Sekton made 42 tackles (30 solos) playing in the middle of Foxcroft’s defence during the autumn and rushed for 174 yards on 23 carries (7.6 yards a carry) as a running back, scoring three touchdowns.

“We didn’t know about American football,” Wandikbo told Ernie Clark of the Bangor Daily News. “I didn’t even know the rules until I joined the team here.

“I liked the physicality, the physical toughness about the game. I had to learn a lot. I think my junior year was not really good. I played a little on JV [junior varsity] and a little on varsity, and every practice they’d teach me what I did wrong because I’d always ask them.”

After his junior year, White informed Sekton that he would have a role to play the following season as a senior. That was all the incentive he needed. After returning from Papua, White said he saw a palpable improvement in Sekton’s physical abilities and an even stronger mental fortitude.

“After a promising first year, he was really excited at the opportunity to come back as a senior and contribute to our team and that’s exactly what he did,” White said.

“He knew a lot more about the game, he must have studied a lot of videos and when he came back he was an impact player from the beginning.

“At varsity level we had a 10-1 overall record and he was a piece of our success. It was amazing, to be a starter in the varsity team after playing for only 18 months. We’ve had kids playing since the fourth grade.”
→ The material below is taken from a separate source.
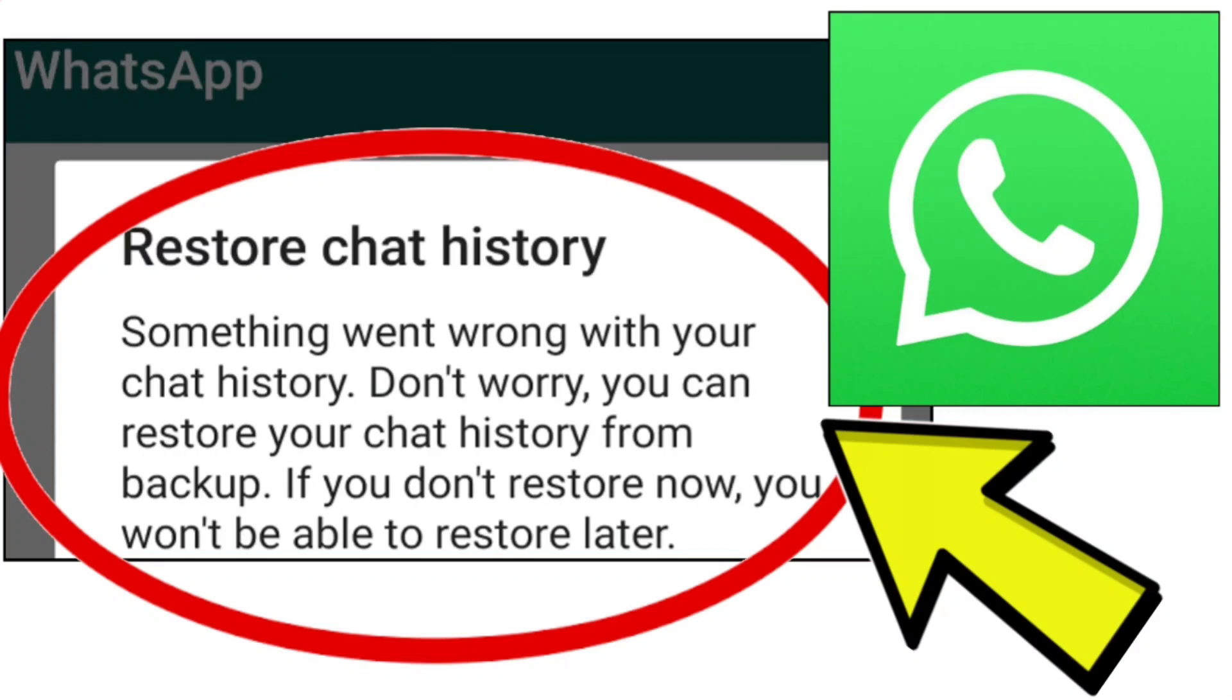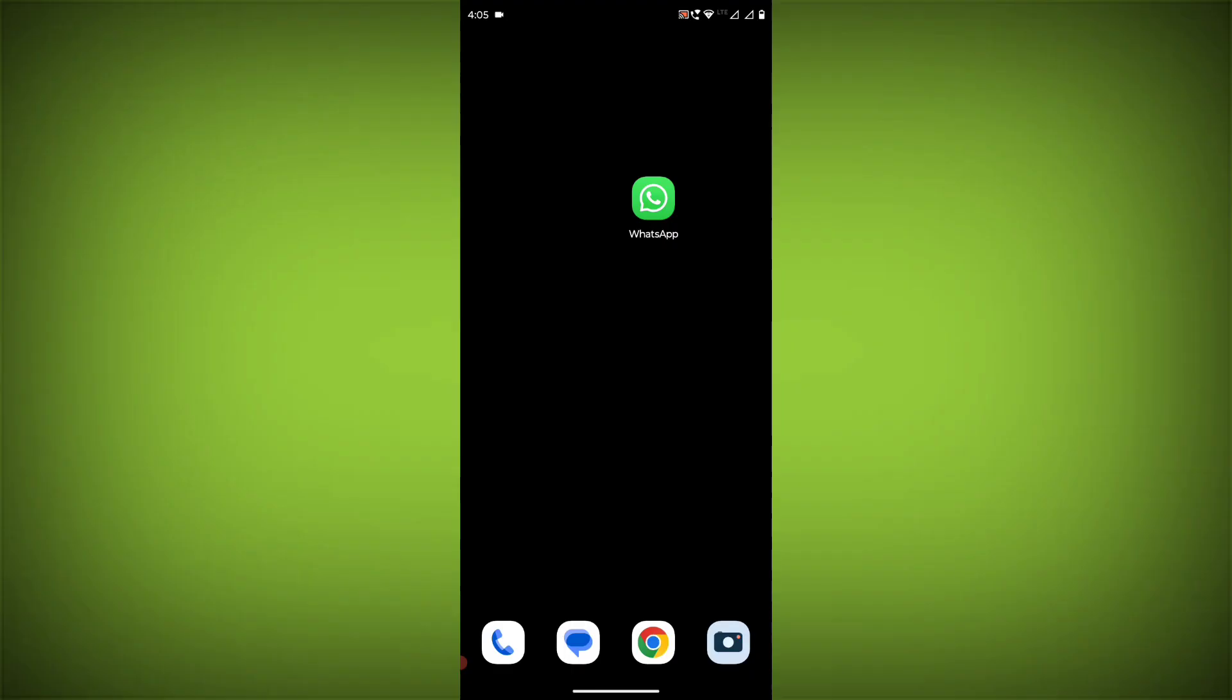To fix the WhatsApp app restore chat history issue: Something went wrong with your chat history. Don't worry, you can restore your chat history from backup. If you don't restore now, you won't be able to restore later. To solve this problem, you can try the following steps.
White said he was pleased other coaches in the league acknowledged Sekton’s ability by naming him on the all-conference team and even his teammates heaped praise on the Indonesian.

Matthew Spooner, Foxcroft’s All-LTC senior quarterback, was quoted as saying: “It’s really kind of humbling. He just showed up two years ago and now he’s all-conference. I’ve been playing since I was 10.”
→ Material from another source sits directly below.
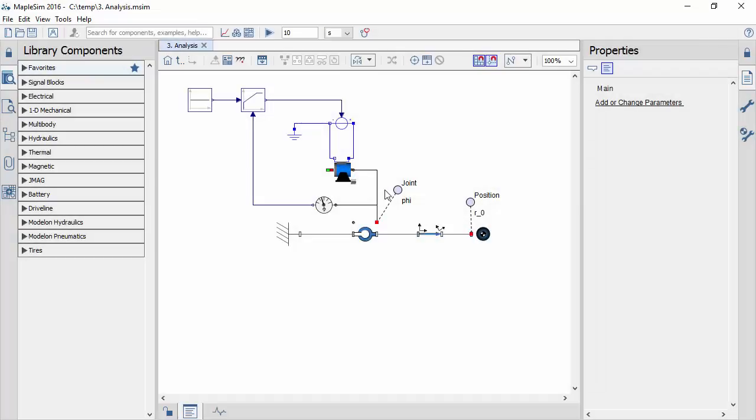This is a MapleSim model of a controlled pendulum. In this session, we will generate C code from the model and then sweep the control gain over a range of values.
Sekton said he spent his holidays in Papua bulking up and studying the game by watching videos.

“After my junior season, coach came to me and said I was going to play next season so that drove me to get ready,” Sekton told Clark. “Mentally in the game I still needed to learn a lot, but the trust the coaches placed in me really motivated me.
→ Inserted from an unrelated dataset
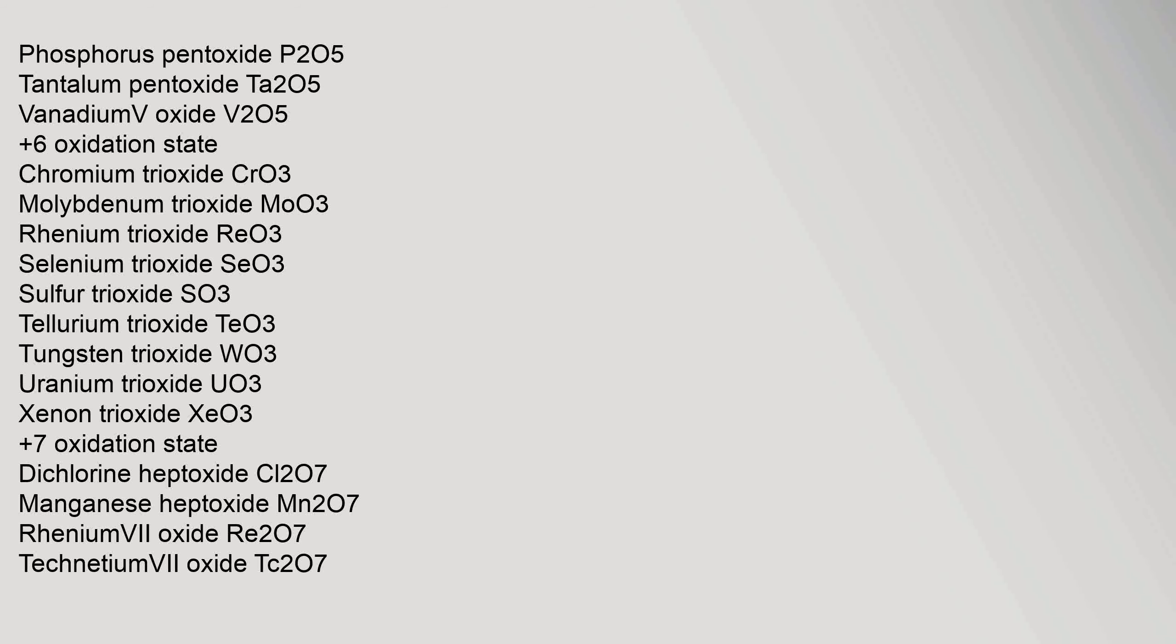Related: oxocarbon, suboxide, oxyanion, ozonide. Oxides are sorted by oxidation state, category oxides.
“[Back home] I showed [my parents] some of my highlights and told them what I did, but I don’t think they understood it. They didn’t know anything about football. I just told them I needed to get to the weight room.”

Clark, an award-winning writer who covers, among others, high school sports in Maine, said he became interested in Sekton’s story after seeing his name on the Foxcroft roster and then watching him rise to all-conference level.

“I had noticed Sekton’s name on a Foxcroft football roster and knew that the school hosts a large number of international students each year but few have played football, so I was always curious about whether he would have an impact,” Clark said.

“It is very rare for an overseas student with no experience in American football to have as much of an impact as Sekton did in helping Foxcroft win the Maine Class D North championship after playing the sport for just 16 months.

“It’s a complicated sport to pick up quickly, and most international high schools students in Maine who play a fall [autumn] sport usually choose to play soccer.”

Once Sekton finishes high school, his prospects for continuing American football will depend on his commitment to the game and the opportunities presented to him at college level.

Coach White is confident he will thrive in whatever he chooses to do.

“His plan for the future is to stay in America and go to college,” White said. “I know he had two or three in mind and he wants to study theology. From there, I don’t know.

“I know he is going to run track in the spring and I’m sure sports will always be a part of his life.”